Kritik an Truppen-Abzugsplänen aus Ramstein „Donald Trump ist ein Inkasso-Unternehmer“
Berlin · Nato-Generalsekretär Jens Stoltenberg warnt vor Schaden für die USA und die Allianz. SPD-Fraktionschef Rolf Mützenich nennt den Präsidenten einen „Inkasso-Unternehmer“. Die deutsch-amerikanischen Beziehungen haben einen neuen Tiefpunkt erreicht.
Nato-Generalsekretär Jens Stoltenberg wollte es zumindest versuchen. In der vorigen Woche ließ er eine Verbindung zum Mann im Weißen Haus herstellen. Thema: Meldungen über einen Abzug von knapp 10.000 von 34.000 US-Soldaten aus Deutschland. Stoltenbergs Info an Donald Trump: „Die US-Präsenz in Europa ist gut für Europa, aber sie ist auch gut für Nordamerika und die Vereinigten Staaten.“ Von Deutschland aus laufe über das Luftdrehkreuz der US-Truppen im rheinland-pfälzischen Ramstein schließlich die Versorgung für Operationen etwa im Mittleren Osten oder in Afrika. Das Afrika-Kommando der US-Truppen sitze in Stuttgart, betonte Stoltenberg. So berichtet er es am Dienstag in Brüssel. Aber es half alles nichts.

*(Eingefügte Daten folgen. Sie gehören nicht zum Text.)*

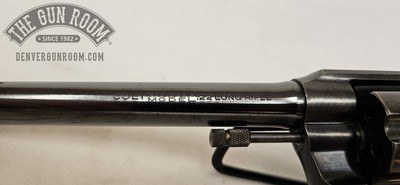 Colt Officers Model .22LR - Image 8 of 22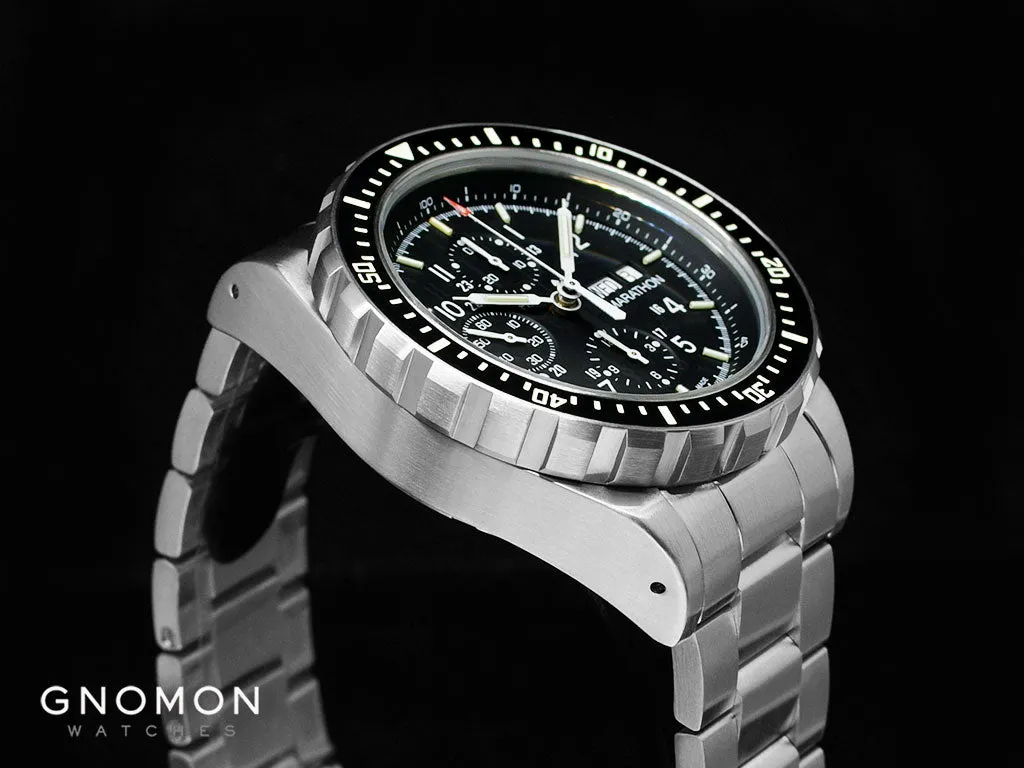 CSAR Jumbo Diver/Pilot Automatic Chronograph 46mm - Bracelet Ref. WW194014SS-0108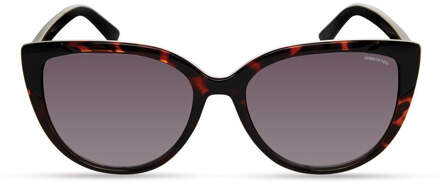 Kenneth Cole Zwarte Geïnjecteerde Zonnebril - maat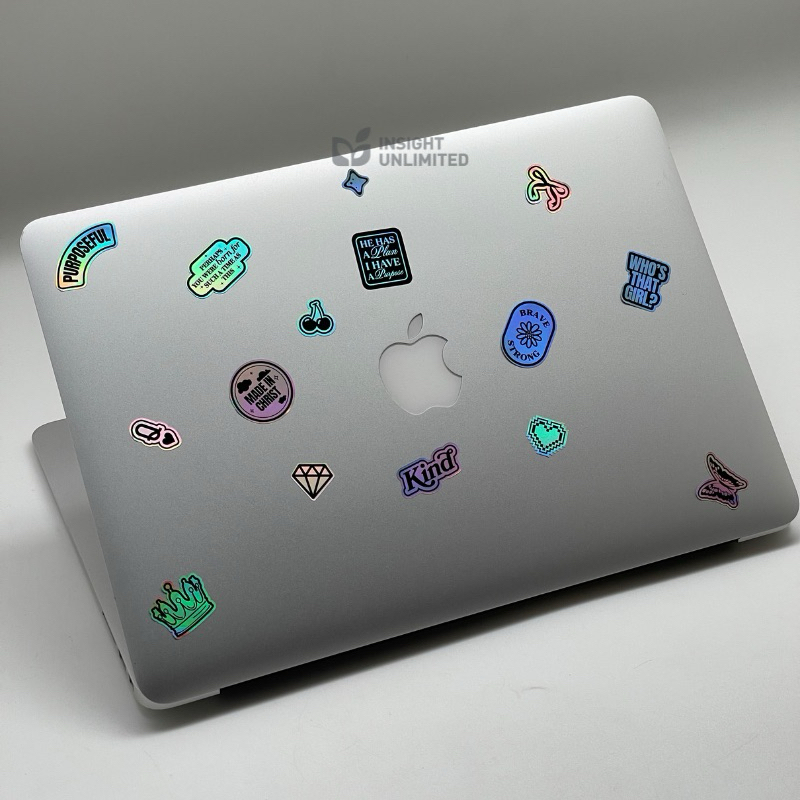 

Sticker Hologram Aesthetic Whos That Girl Stiker Hp Laptop Dekorasi Jurnal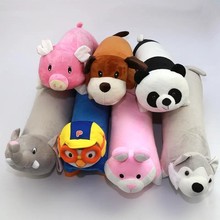 抖音同款乐比手臂垫枕头男朋友乳胶枕抱枕套坐垫卡卡可比小狗狗
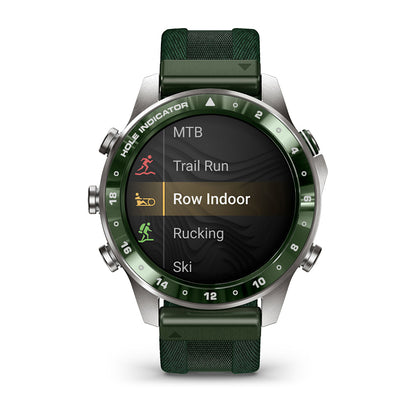 Relógio Garmin MARQ ® Geração 3 Golfista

Der US-Präsident bestätigte die Pläne jetzt offiziell. Er spricht von insgesamt 52.000 Soldaten in Deutschland. Weil er es aber mit Fakten erfahrungsgemäß nicht so genau nimmt, kann man vermuten, dass er die 17 000 amerikanischen Zivilisten im Dienst der US-Streitkräfte einfach dazu gerechnet hat. Und er begründet seinen Schritt damit, dass Deutschlands Nato-Beitrag zu gering sei. Die Bundesregierung weigere sich, die Verteidigungsausgaben so zu erhöhen, dass das selbstgesteckte Nato-Ziel erreicht werde. Dabei hat Deutschland wie die anderen Mitglieder dafür noch ein paar Jahre Zeit. Vielleicht hat sich Trump auch nur wieder über Kanzlerin Angela Merkel geärgert, die seine Idee eines G7-Gipfels in Corona-Zeiten nicht gut fand und ihre Teilnahme absagte.
Stoltenberg lässt die Verteidigungsminister der Allianz nun bei ihren Beratungen am Mittwoch und Donnerstag über den möglichen Truppenabzug diskutieren. Denn: Es handele sich bei der Stationierung zwar um eine bilaterale Angelegenheit zwischen den USA und Deutschland, „aber davon ist die gesamte Allianz betroffen“, warnt er. Vielleicht kommt ja auch noch alles ganz anders. „Der US-Präsident hat angekündigt, was er angekündigt hat. Aber es ist noch nicht beschlossen, wie und wann die Entscheidung umgesetzt wird“, sagt Stoltenberg. Er setzt womöglich auf den Faktor Zeit – und den Ausgang der Präsidentschaftswahl in den USA im Herbst.
Wer weiß, ob Trump die Wahl gewinnt. Ein demokratischer US-Präsident Joe Biden würde die Truppen vermutlich nicht abziehen. Auch im Bundeskanzleramt und im Verteidigungsministerium herrscht die Devise: Erst einmal cool und kühl bleiben und nicht zu scharf reagieren. „Die Zusammenarbeit mit den amerikanischen Streitkräften sowohl im Einsatz als auch bei der Ausbildung innerhalb des NATO-Rahmens ist gut, sicher, eng und vertrauensvoll“, sagt ein Ministeriumssprecher unserer Redaktion. Und er betont: „Wir wissen aus den Beziehungen zu den amerikanischen Soldaten und ihren Familien, die wir zahlreich pflegen, dass sie sich in Deutschland wohl fühlen, und wir gehen davon aus, dass das auch in Zukunft so sein wird.“
Die Koordinatorin für Internationale Politik der Grünen-Fraktion, Agnieszka Brugger, formuliert es deutlich schärfer, aber es ist dieselbe Stoßrichtung: „Mit Sicherheitspolitik hat auch der neue Affront von Donald Trump absolut nichts zu tun.“ Statt „rachsüchtiger Drohungen“ bräuchte es eine verantwortungsvolle und auch kontroverse Debatte über transatlantische Sicherheit zwischen echten Partnern. Dazu gehörte auch Fragen zu den in Deutschland stationierten US-Atomwaffen und dem „völkerrechtswidrigen Drohnenkrieg“.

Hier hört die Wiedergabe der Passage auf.